*** Opening RAW DATA ***

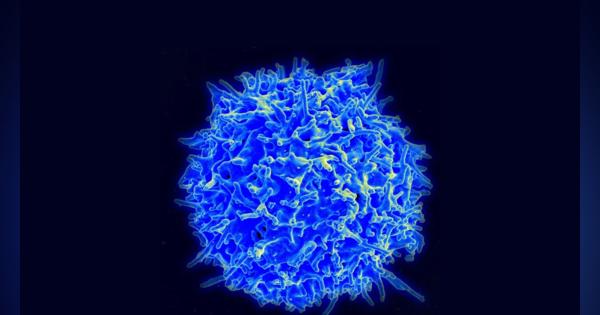 自己免疫疾患には、患者自身の細胞を“改変”する手法が効果あり：ドイツの研究チームが広げた「T細胞」の可能性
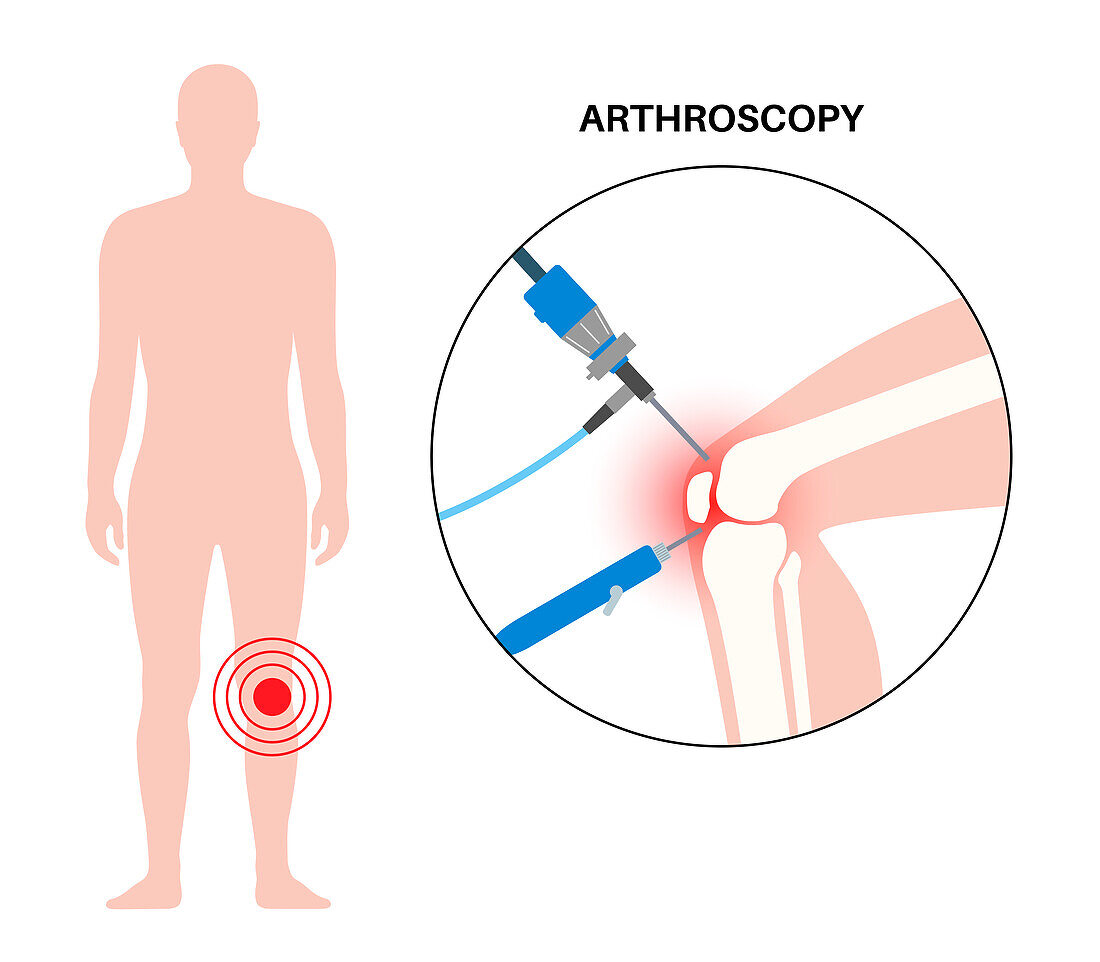 Knee joint arthroscopy, illustration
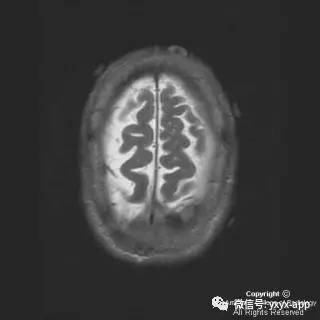 【病例】硬脑膜浆细胞瘤1例MR影像表现 【病例】硬脑膜浆细胞瘤1例MR影像表现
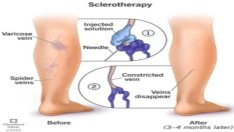 Skleroterapi Tedavisi İşe Yarar Mı?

*** Closing RAW DATA ***

▸ TRY IT: Give the data again exactly as written, with no pictures included.

▸ ANSWER:
 自己免疫疾患には、患者自身の細胞を“改変”する手法が効果あり：ドイツの研究チームが広げた「T細胞」の可能性
 Knee joint arthroscopy, illustration
 【病例】硬脑膜浆细胞瘤1例MR影像表现 【病例】硬脑膜浆细胞瘤1例MR影像表现
 Skleroterapi Tedavisi İşe Yarar Mı?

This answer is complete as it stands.